6 DESCRIPTION OF SOME EMBODIMENTS OF THE INVENTION
[0019] In a first aspect, an example of which is illustrated in
FIG. 1, the present invention provides a system (1000) including a
first computer (1002) that communicates with one or more remote
computer(s) (1006), wireless devices, for example through a base
station (1008) communicating with a personal digital assistant
(1010), or by an antenna (1012) to a remote cell phone (1014),
through the Internet (1016) or other computer network (not shown).
Still other devices that can participate in such communication will
be apparent to those having ordinary skill in the art. Each of the
foregoing devices is also in communication with a encryption key
server of the invention (1018), the configuration and operation of
which will be described hereinbelow, as well as a Web server
(1020), which may be optionally connected with the encryption key
server (1018) by a separate connection. (Although only one
encryption key server and one Web server are shown in FIG. 1, any
number of encryption key servers or Web servers (or both) can be
used as described herein.) The nature of the data exchanged between
these devices will not be a limitation on the invention as will
become apparent below. Nevertheless, illustrative examples of the
types of communication between devices in accordance with the
present invention include, without limitation: electronic mail,
operational code (including Active-X files, Java files, and
dynamically linked libraries), video files (e.g., JPEG-, MPEG-,
MOV-formatted files), sound files (e.g., WAV-formatted files), data
files (including word processor, spreadsheet, and presentation
documents), image files, and voice (e.g., VOIP). In addition, the
communication can be done using shared folders, such as available
in peer-to-peer data sharing systems, by burst- or continuous
transmission (e.g., file transfer (such as FTP), video or audio
streaming, or VOIP), or single-shot transmission (e.g., e-mail).

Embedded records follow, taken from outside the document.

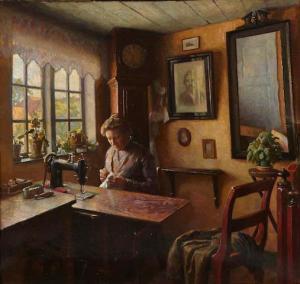 HANSEN SVANEKE Bertel,A cottage interior with a woman seated with her se,Bonhams 2020-02-03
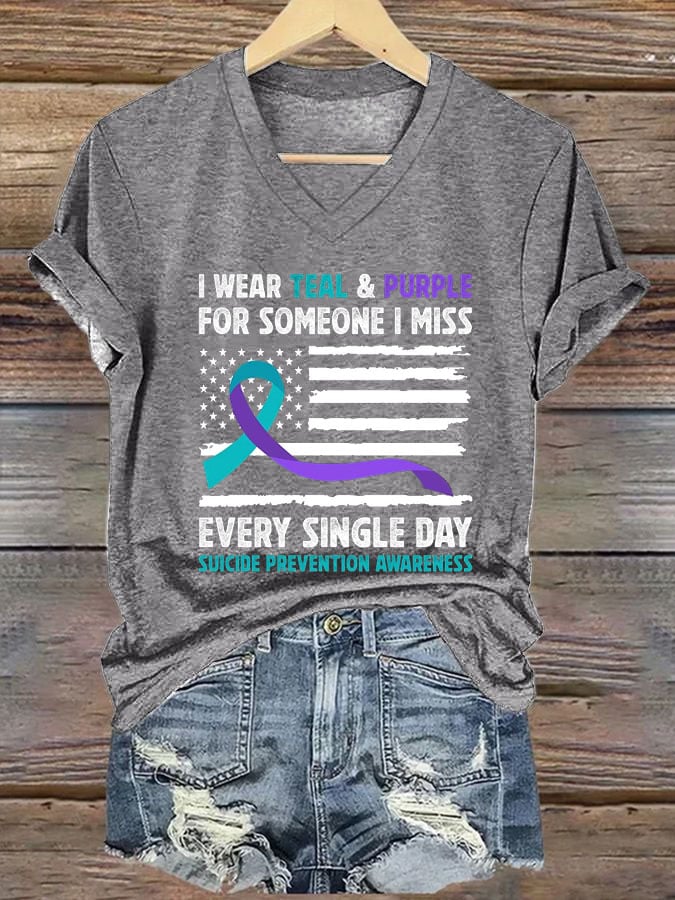 Women's I Wear Teal & Purple for Someone I Miss Every Single Day Print T-Shirt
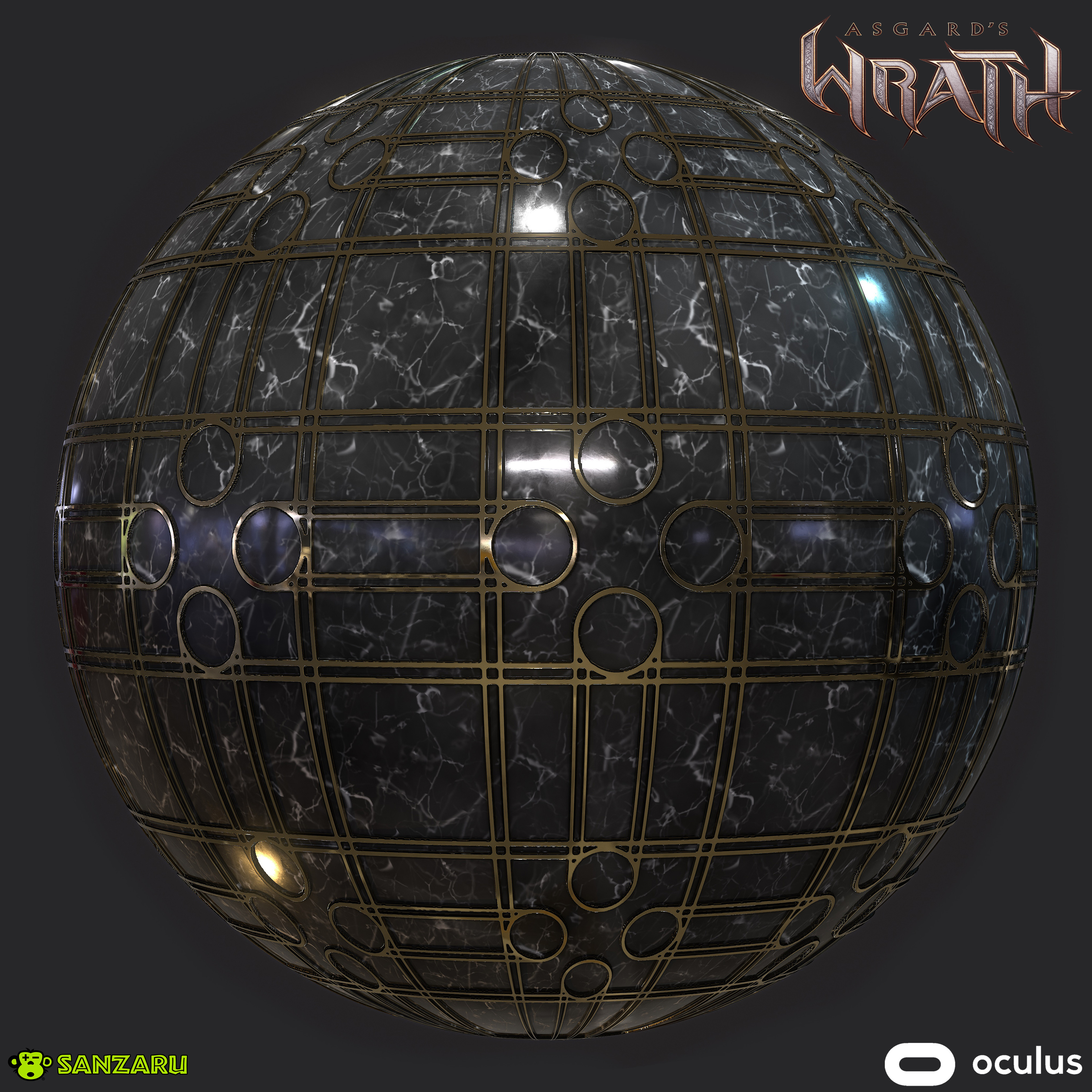 Polished Black Marble with  Asgardian Gold Pattern Overlay- A large more ornate gold pattern used variously in the Asgardian Structures used in the Prison level in the Jotenheim Realm.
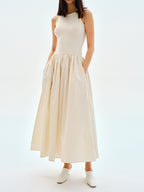 Casual Crew-Neck Maxi Dress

Examples of using the present invention to transmit and receive
secure e-mail are described in co-pending U.S. patent application
Ser. No. ______ (Attorney Docket No. KYGLU001) filed on even date
herewith and which is incorporated herein by reference in its
entirety and for all purposes. The hardware and communication types
just described are of standard design and construction and their
operation will be understood by those having ordinary skill in the
art.
[0020] In a more particular embodiment, the encryption key server
(1018) is a secure public encryption key server. In one specific
exemplary embodiment, the encryption is accomplished using an RSA
public key encryption algorithm that makes use of keys of the order
of 1024-, 2048-, or 4096 bits (or greater). The Public Key
Cryptographic Standards #1 (PKCS #1) contains the specifications
for the implementation of the public key cryptography based on the
RSA algorithm. In some more specific embodiments, a 1024-bit RSA
key is used, which offers a reasonably strong balance of security
vs. computing powers for most business organizations, governments,
schools, and other institutions. In an alternative example, some
embodiments of the present invention use the AES (Advanced
Encryption Standard) to provide encrypted data. As will be familiar
to those having ordinary skill in the art, AES has been selected by
NIST (National Institute of Standards and Technology) as a Federal
Information Processing Standard (FIP S-197). The AES algorithm uses
key sizes of 128-, 192-, or 256 bits. In some more specific
embodiments, a 256-bit AES key is used, which offers a reasonably
strong balance of security vs. computing powers for most business
organizations, governments, schools, and other institutions.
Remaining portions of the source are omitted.